E eu dizia: foi bom, foi bonito. Se eu gostei? Sim, gostei. Mas era mentira, essa história nem existia de verdade, e era justamente a verdade, com que eu não queria lidar. A história verdadeira era triste e era dela que eu sempre fugia nas conversas com as amigas no barzinho. Eu achava melhor contar qualquer outra coisa.
Por muito tempo eu achei que eu estava errada e ele certo. Que era assim mesmo, que os homens são assim, que a vida é bela e que eu devo relaxar. Não. Não devemos relaxar. A cada vez que relaxamos parece que morremos um pouco mais. A corda tá no pescoço e quando não prestamos atenção ela enforca.
Então um dia me meti numa dessas conversas em que a palavra empoderamento aparece muito e contei a minha história para as meninas ali presentes, acredite, havia meninos também que se sentiram tocados quando contei que a minha primeira experiência sexual não foi nem um pouco agradável, que eu tinha 11 e ele nem sei, 40?

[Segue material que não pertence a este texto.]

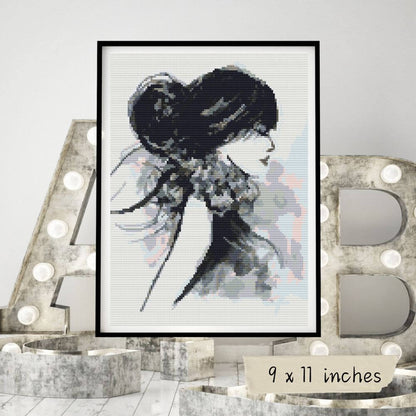 Girl's Night Out Cross Stitch Pattern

Foi em algum dia de verão, eu passava férias na casa dos meus avós e nesse dia todos dormiam depois do almoço. Eu estava na sala deitada assistindo tv, meio sonolenta depois do almoço. Um tio distante vinha visitar meus avós, por algum motivo que eu desconhecia, não havia chegado até a hora do almoço, meus avós já não contavam mais com essa visita.

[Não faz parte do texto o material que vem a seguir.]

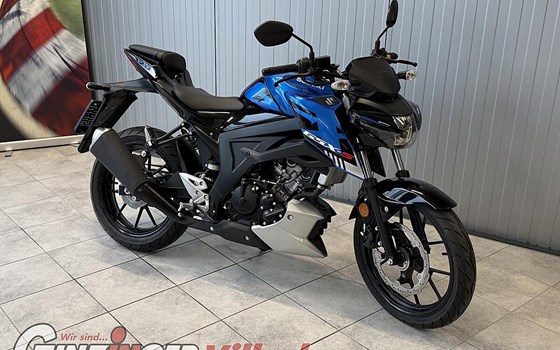 Gebrauchtmotorrad Suzuki GSX-S125 - Bild 1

Adormeci na sala. Acordei com alguém passando a mão sobre as minhas pernas e quando abri os olhos, um homem que eu não conhecia tapou a minha boca e fez sinal de silêncio. Tentei gritar e me levantar do sofá mas ele mantinha meu corpo preso ao com as mãos. Ele era bem maior do que eu. E então ele abriu o zíper e começou a roçar seu membro em mim. Eu sentia vontade de vomitar e na medida em que eu tentava me soltar, ele fazia isso com mais força. Até que senti um liquido quente escorrendo em minhas coxas.

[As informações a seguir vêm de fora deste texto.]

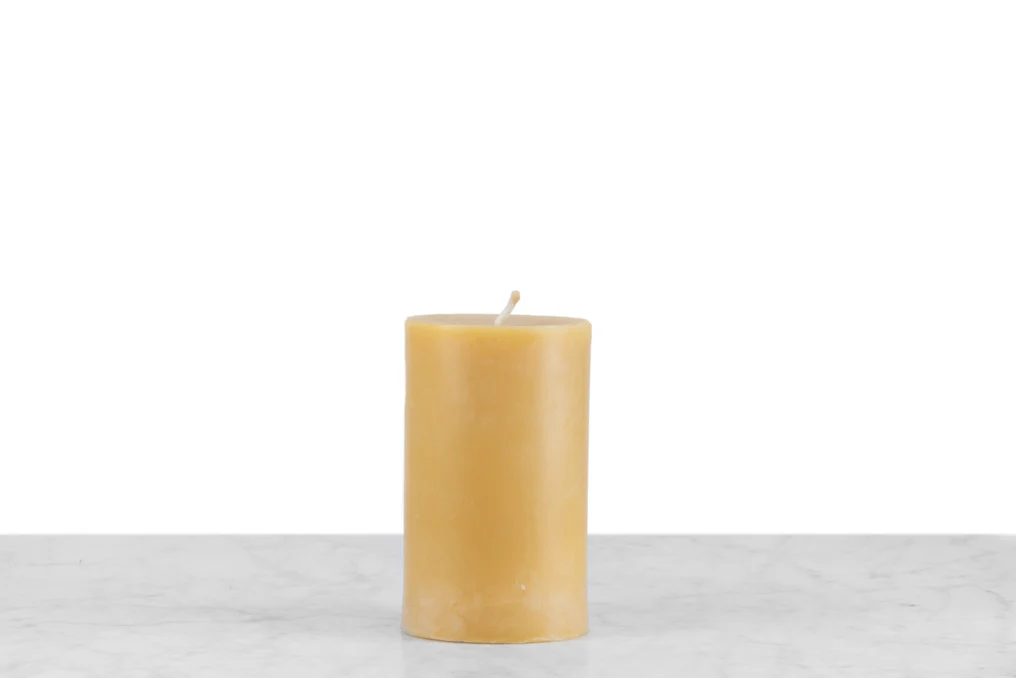 Pillar Beeswax Candles - Image 3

Ele foi embora com a mesma sutileza com que entrou.
Mais tarde tive que dividir a mesa do jantar com este senhor. Era o tio que os meus avós esperavam.
Eu contei para a minha vó o que havia acontecido, ela não acreditou, disse que eu estava mentindo. Os meus pais foram mais razoáveis, ouviram a minha história e me mandaram para um psicólogo. Este tio nunca mais foi mencionado, nem esta história. Por todas as coisas que eu ouvia, eu me sentia culpada. Por isso eu nunca contava a ninguém. Eu tinha medo de me culparem por algo que eu achava tão triste e doloroso.
Depois de muito tempo percebi que eu não tinha culpa de nada.
E na primeira vez que contei essa história, pensei que talvez fosse uma história comum, parecida com as histórias de outras meninas e mulheres. E então eu me senti menos sozinha.